In 1934, at the age of 15, she went to Denmark in order to learn Danish. Later returning to Greenland, from 1936 to 1938 Chemnitz studied at the girl's Efterskole in Aasiaat. Through the Committee for the Education of Greenlanders (Komitéen for Grønlænderinders Uddannelse) Chemnitz began studying at a teacher training college in Denmark. However, due to the threat of second world war Chemnitz returned to Greenland in 1939.

==Career==
In 1948, Chemnitz was appointed as an interpreter to the Legal Expedition (Den juridiske ekspedition), a delegation of three Danish jurists sent by the Greenland Administration to investigate Greenland's legal culture and practices. Chemnitz also acted as a cultural mediator and research assistant for the jurists. Chemnitz later worked as an interpreter at the High Court of Greenland. From 1951 to 1954 Chemnitz was an elected official of the Nuuk municipal council. Chemnitz was elected again in 1983, under the Atassut party.

In 1964, Chemnitz passed the translator exam (Translatøreksamen), making her the first Greenlandic woman to do so. The same year Chemnitz settled in Copenhagen and worked as a translator at the Ministry of Greenland until 1968. Returning to Nuuk, Chemnitz continued her work as a translator at the Secretariat of the Greenland Council until 1972. During 1972 to 1975 Chemnitz was a translator at the Social Research Committee in Copenhagen. Chemnitz briefly worked as a consultant at APK during 1975 to 1976, before becoming the head of secretariat at the Greenland Education Association from 1976 to 1979. From 1979 to 1987, Chemnitz was an interpreter at the High Commissioner of Greenland.

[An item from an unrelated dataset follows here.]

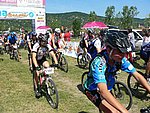 P1100825_kis.jpg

Chemnitz was a chairman of the special Greenland Committee of the Danish Commission of the Status of Women in Society, and was a member of the Danish Equal Status Council. Chemnitz was associated with social research in Greenland and with aiding the understanding between Greenland and Denmark.

==Awards==
In 1964, Chemnitz was awarded the Antonius Prize (Antoniusprisen) for her work to promote an understanding between Denmark and Greenland.

In 1987, Chemnitz was made a Knight of the Order of the Dannebrog and in 1998 was awarded the Nersornaat in silver.

==Personal life==
On 7 June 1942 Chemnitz married Finn Christoffersen (1915–1990), a sheep farmer, before later divorcing in 1954. Chemnitz and Christoffersen had four children, the youngest of whom died in infancy.